STEP

SCIENCE AND TECHNOLOGY IN THE EUROPEAN PERIPHERY

STEP is a network of scholars with a special interest in the historical study of science, technology, and medicine in contexts regarded traditionally as peripheral.

STEP was established in Barcelona in 1999 by historians of science, technology, and medicine from Belgium, Denmark, Greece, Italy, Portugal, Russia, Spain, Sweden, Turkey. It has expanded since then to include members from Brazil, Mexico, Colombia, Japan, Hungary, Ireland, the Netherlands, Finland, Norway, Canada, USA, and France.

The centre-periphery divide is a concept with its own history, with roots on post-colonial modernization theories, cold war discourses, and present-day economical colonial practices. More important, it still permeates, implicitly or explicitly, the content and disciplinary structure of history of science, technology, and medicine.
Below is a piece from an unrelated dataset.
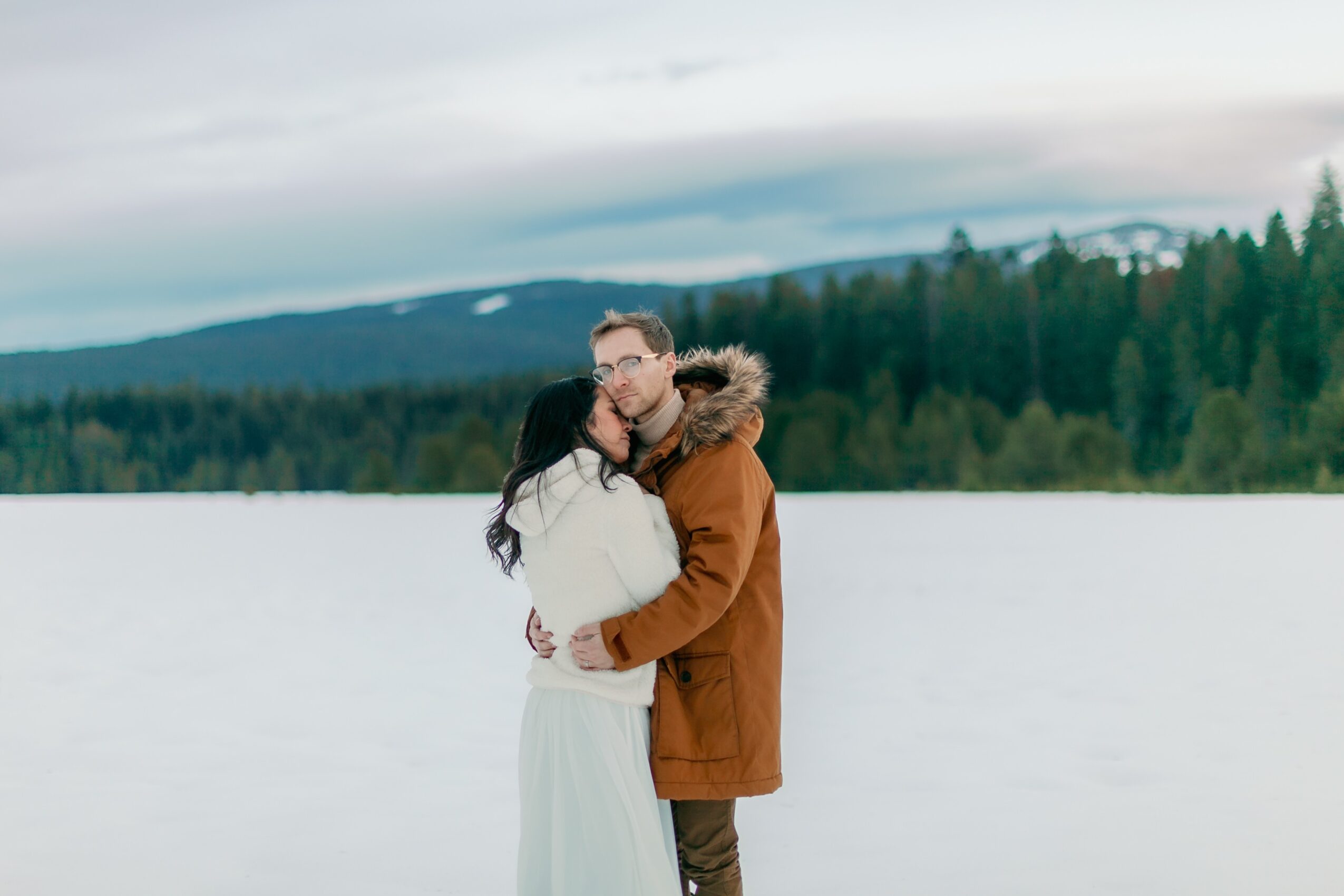 Couple embracing outdoors near a frozen lake with forest and cloudy sky in background.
In particular, the centre-periphery divide plays an important role in the choice of the geographical settings which are selected as objects of study within our discipline. The historiographical canon of science, technology and medicine is still shaped by a central focus on French, British, German, and increasingly US national narratives (“the big four”). The shift to local studies experienced in the last decades in our discipline has not weakened this selective prioritizing of contexts. As a result, the canon is still biased toward French, British, German, and increasingly American actors.

STEP seeks to revise this bias by expanding the spectrum of geographical and cultural contexts of research and proposing new questions, themes and tools of analysis.

This project is not about adding for the sake of adding. Neither does it seek to repair a historical ‘injustice’.

We truly believe that this aggrandisement will improve our historical understanding of the role of science, technology, and medicine in the emergence of modern techno-scientific societies.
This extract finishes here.